[INFORMATION Boundary: Start]

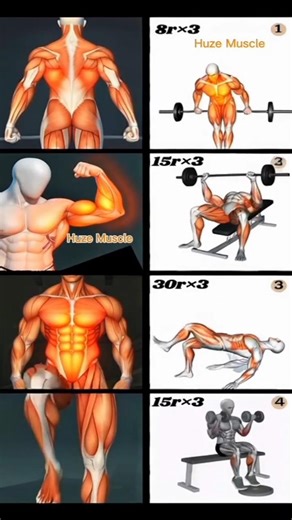 Complete Full Body Workout in 4 Exercises | Build Muscle Fast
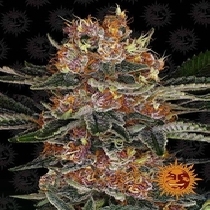 Purple Punch Auto (Barneys Farm Seeds) Cannabis Seeds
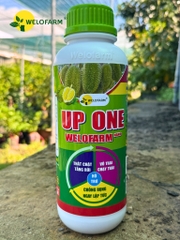 Up One Nano Welofarm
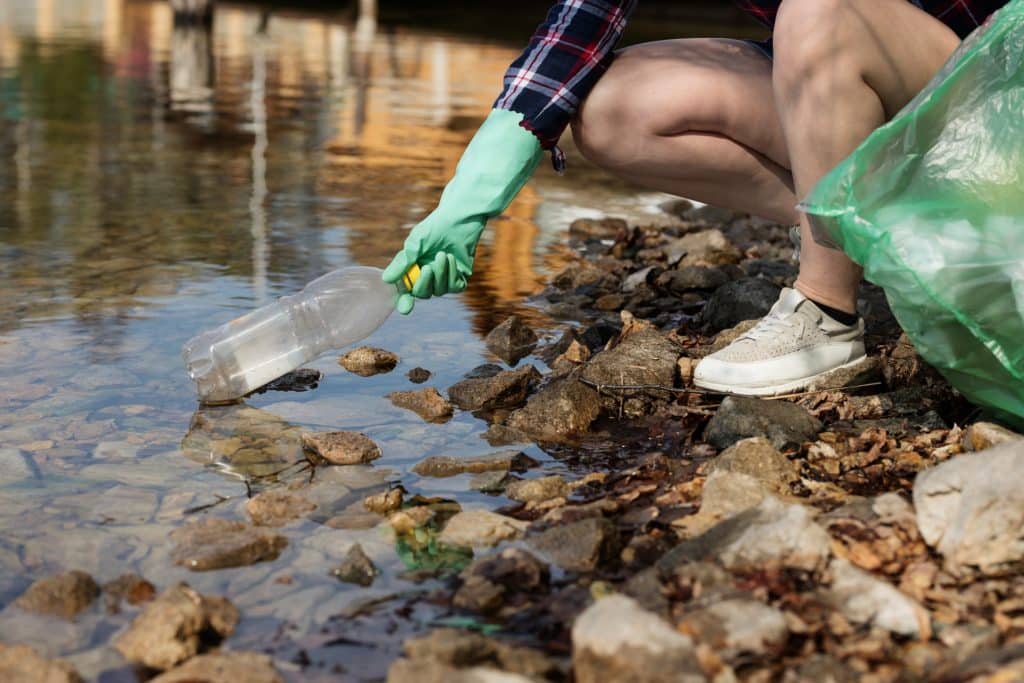 beach cleaning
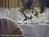 Holiday Inn Hotel & Suites Boston - Peabody::Priceline.com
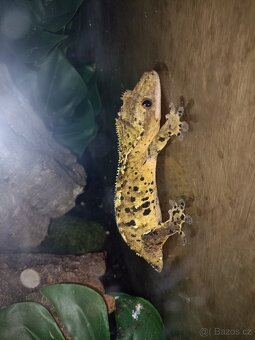 Prodám chovnou skupinku pagekonů řasnatých - 3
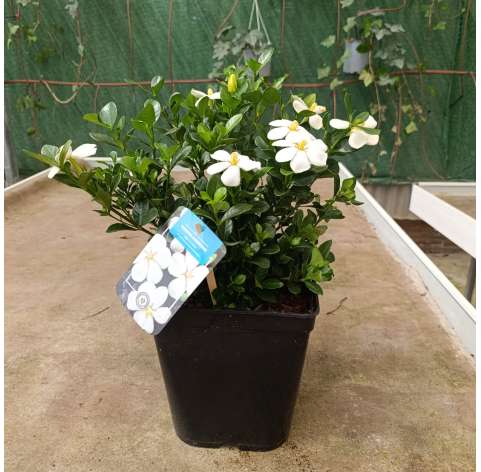 Gardenia jasminoides - Jazmín del Cabo Natural Decor Centre Marbella Viveros González. Garden centre in Marbella.
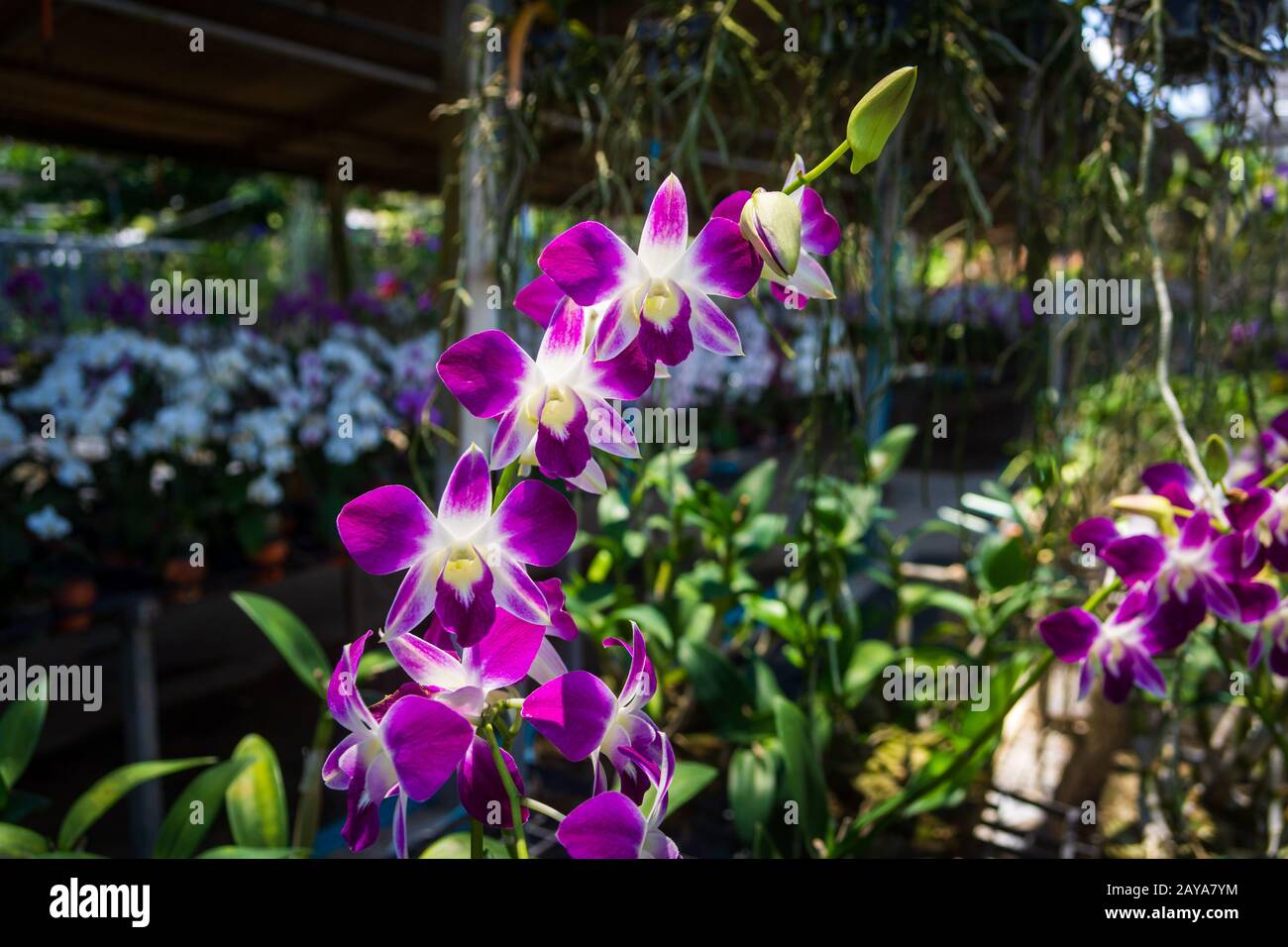 Beautiful Orchidaceae flowers in orchid farm, Phuket, Thailand Stock Photo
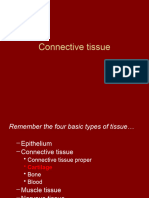 Connective Tissue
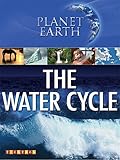 The water cycle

[INFORMATION Boundary: End]

An exact copy is required of the lines from the one holding "Beautiful Orchidaceae flowers" to the end of the entries above, both included; no pictures belong in it.

 Beautiful Orchidaceae flowers in orchid farm, Phuket, Thailand Stock Photo
 Connective Tissue
 The water cycle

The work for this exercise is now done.